Initializes and starts a new "square moving session."

MainT.xml

Main.xml

Square.jack

Implements an animated square. A square object has a screen location and size properties, and methods for drawing, erasing, moving, and size changing.

SquareT.xml

Square.xml

SquareGame.jack

Runs the program according to the game rules.

SquareGameT.xml

SquareGame.xml

Note: The three source Jack files comprising the Square Dance game are identical to those stored in the projects/09/Square directory.  For completeness, an identical copy of these files is also available in the projects/10/Square directory.

Expressionless Square Dance: This is a version of Square Dance in which each expression in the original source code was replaced with a single identifier (some variable name in scope). This version of the program was designed for one purpose only: unit-testing the analyzer's ability to parse everything except for expressions. Note that the replacement of expressions with variables has resulted in a nonsensical program that cannot be compiled by the supplied Jack Compiler. Still, it follows all the Jack grammar rules.
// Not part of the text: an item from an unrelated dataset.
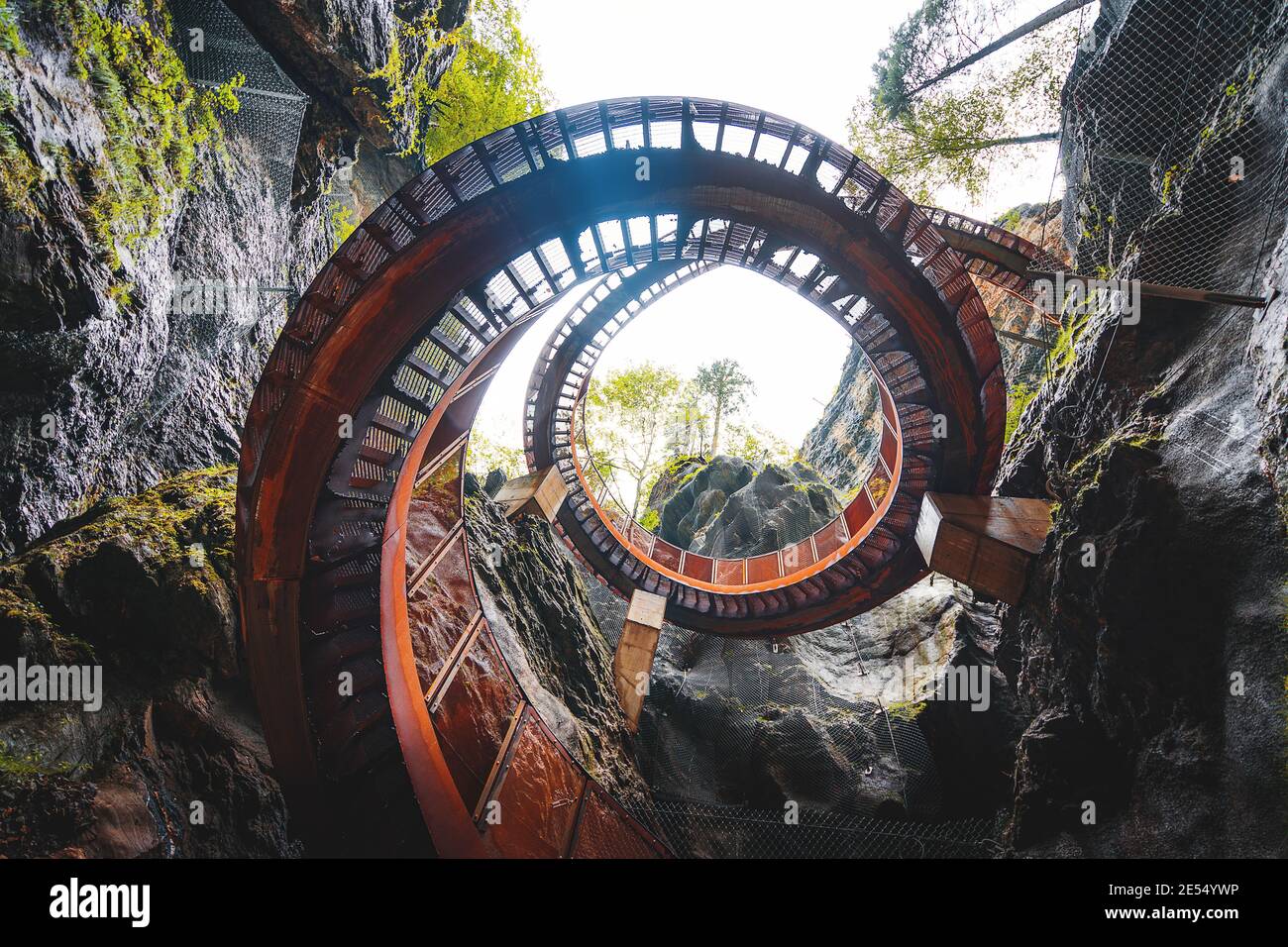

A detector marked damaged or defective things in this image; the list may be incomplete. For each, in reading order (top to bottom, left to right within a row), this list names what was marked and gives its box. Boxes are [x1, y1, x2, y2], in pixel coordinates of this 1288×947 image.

The expressionless files have the same names as those of the original files, but they are located in a separate directory (projects/10/ExpressionlessSquare):

Source class files

Tokenizer output

Parser output

Main.jack 

MainT.xml

Main.xml

Square.jack

SquareT.xml

Square.xml

SquareGame.jack

SquareGameT.xml

SquareGame.xml

Array test: A single-class Jack program that computes the average of a user-supplied sequence of integers using array notation and array manipulation:

Source class files

Tokenizer output

Parser output

Main.jack 

MainT.xml

Main.xml

Experimenting with the test programs: If you want, you can compile the Square Dance and Test Array programs using the supplied Jack compiler, then use the supplied VM Emulator to run the compiled code. These activities are completely irrelevant to this project, but they serve to highlight the fact that the test programs are not &quout;just&quout; plain text (although this is perhaps the best way to think about them in the context of this project).

Recommended Steps

First, read ECS chapter 10. This pdf may also be insightful.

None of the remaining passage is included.